It’s one of their ways of laughing at doom.

The history of Mardi Gras is so deep, vast and strange, that it’s difficult to encapsulate. Starting hundreds of years ago with the shepherds of Arcadia and detouring through most of the more interesting cities in history it has always been steeped in sin and redemption.

The Romans. The Greeks. The Catholics. They’ve all put in their two bits of paganism or piety.

But it’s fitting somehow that much of Mardi gras pomp and plumage would evolve from the carnivals of Venice, that other impossible city at odds with time and tide.

And for all this historical pedigree there’s still something very childish about Mardi Gras.

If you are exposed to it as a kid you will never be quite like other people. How could you be?

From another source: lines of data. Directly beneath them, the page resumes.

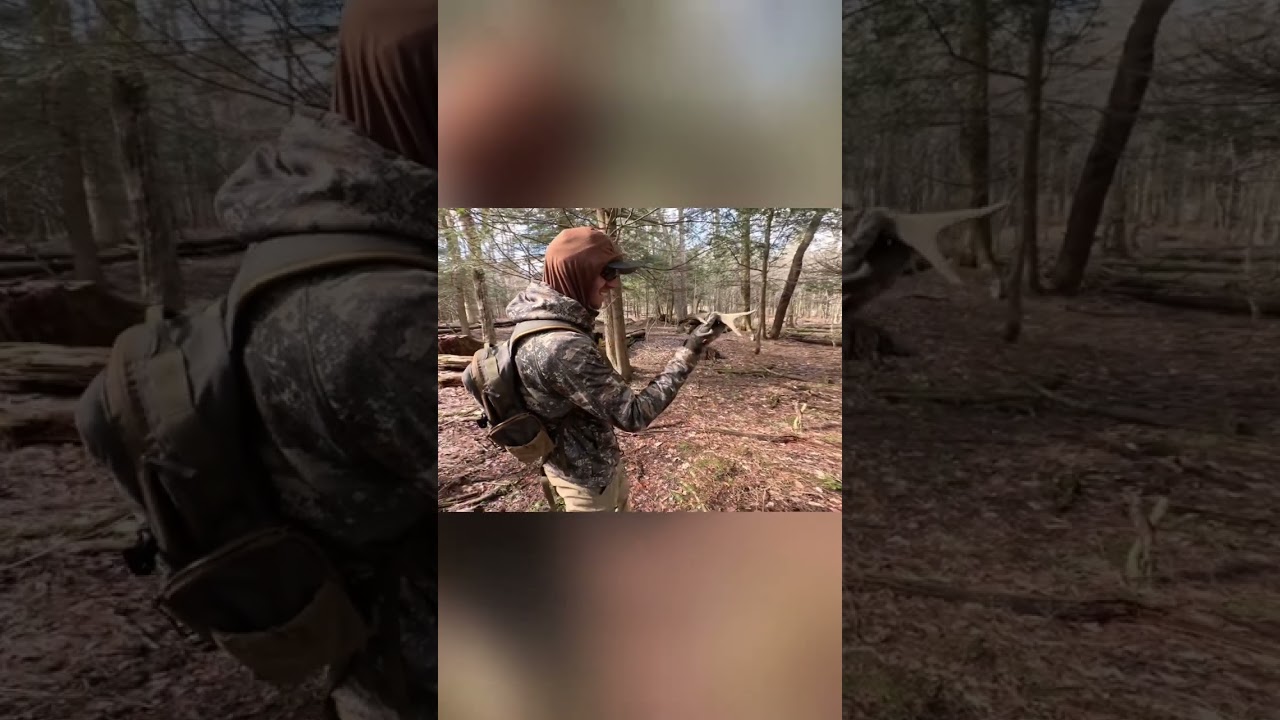 Camouflage Hunter Finds HUGE Winter Kill Antlers!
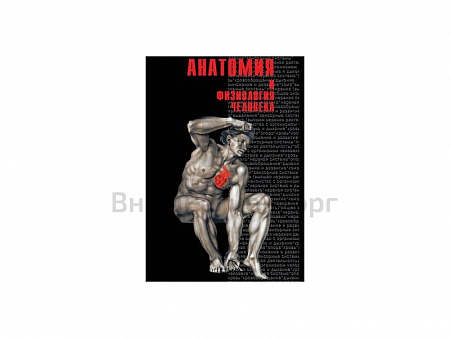 DVD КОМПАКТ-ДИСК "АНАТОМИЯ-1" (УЧЕБНЫЙ ФИЛЬМ)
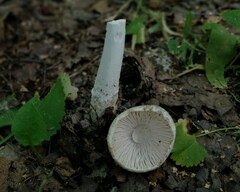 Amanita virosa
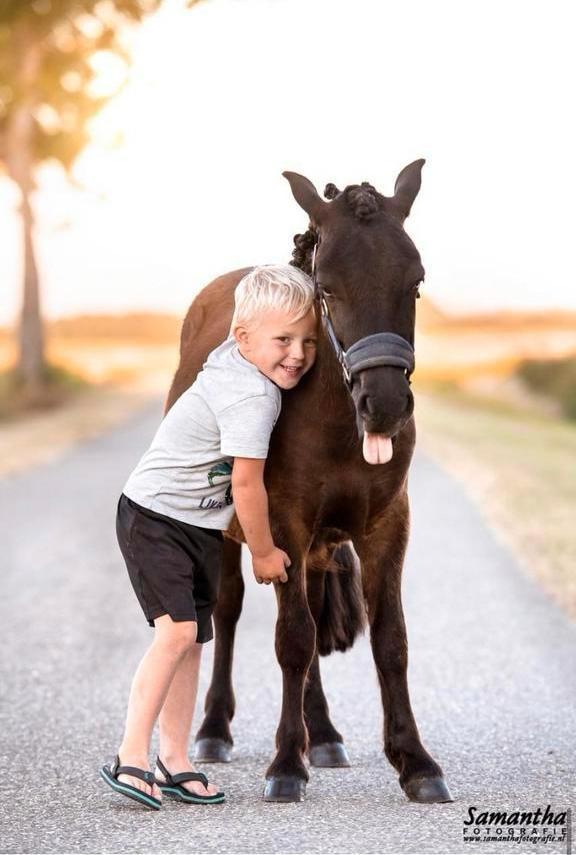 Leuke en vrolijke shetlander, Dieren en Toebehoren, Pony's, Ruin, Zadelmak, A pony (tot 1.17m), Recreatiepony, 3 tot 6 jaar, Met stamboom
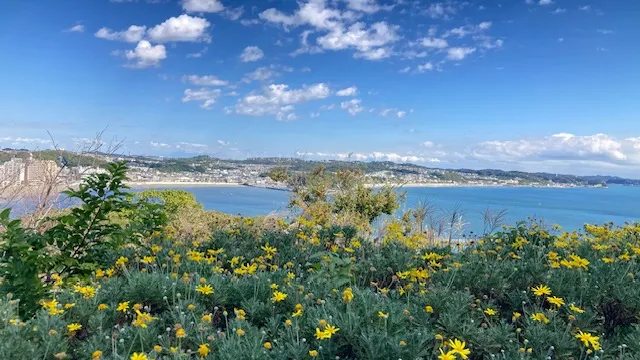 日本の「江の島」という島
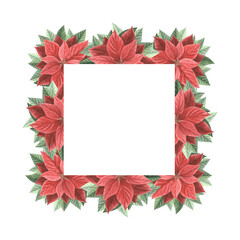 Obraz premium Poinsettia flowers with leaves. Christmas frame square, vintage. Hand drawn watercolor illustration traditional plants for winter background. Isolated template for card, invitation, New Year, print.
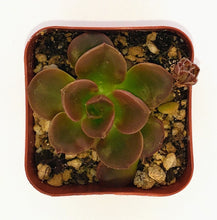 Load image into Gallery viewer, 2" Echeveria 'malaco'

You’ve watched an entire adult population, your parents, your aunts and uncles, your teachers or your school principles; all your authority figures, suddenly transform into Poseidon, or Mae West or a cross-dressing Santa Claus. Everyday life becomes an overnight Technicolor fever dream. Schools close. The daily schedule is thrown out for a new schedule of parties and parades that become an unending delirium where it’s not inconceivable but in fact highly likely that you might look out the den window at any given moment and see several dozen men and women dressed as Yogi Bear drift nonchalantly by in a papier-mâché galleon.

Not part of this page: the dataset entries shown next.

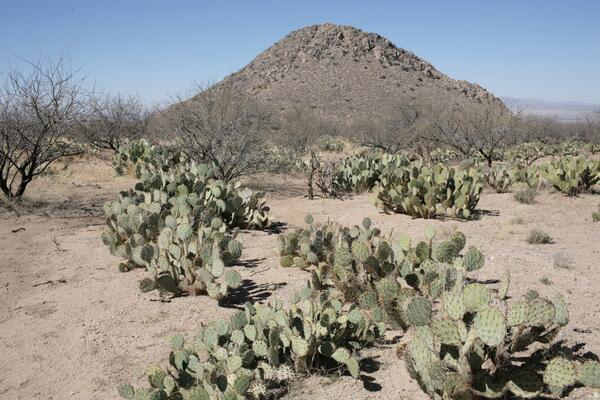 Image: Huérfano Butte, Santa Rita Experimental Range, Southern Arizona - 2007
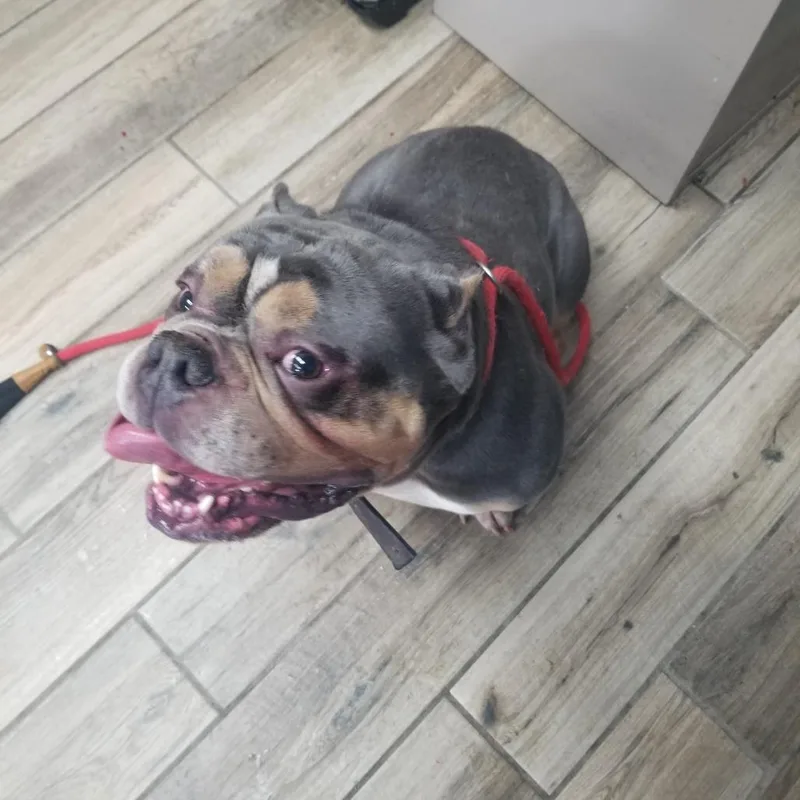 An adult medium-sized male Gray / Blue / Silver English Bulldog dog named Uno for adoption in Henderson, KY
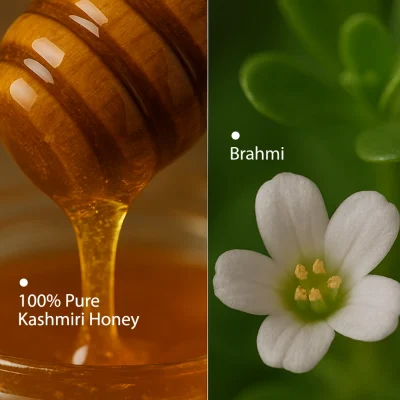 Ingredients (11)
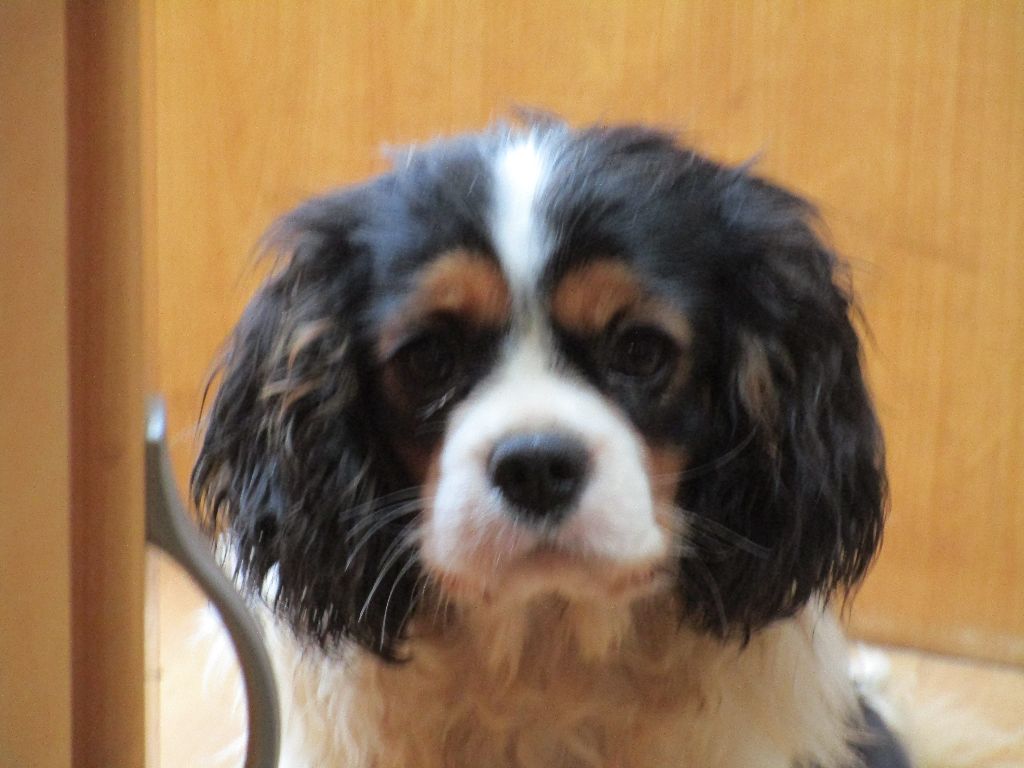 Des Iris Du Parc Royal - Chiots disponibles - Cavalier King Charles Spaniel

It’s like somebody knocked over the TV set and cartoons came spilling out.

For those of us who grew up in Louisiana, ”The Wizard of Oz” was like a documentary. Dorothy left Kansas and simply went to Mardi Gras.
Talking trees and wicked witches seemed perfectly normal if you’ve seen your librarian walking down St. Charles dressed in a gorilla suit and a set of woman’s breasts complete with blinking neon nipples.

As a result we tend to grow up with a keen sense of life’s absurdity and a healthy regard for the curative potential of fun.

And there is no fun quite like a Mardi Gras parade. Its epic silliness can be very seductive. It is one of the marvels of modern man that the quest for giving or catching cheap plastic beads can lead people of every temperament to engage in behavior that is singularly, perhaps historically ridiculous.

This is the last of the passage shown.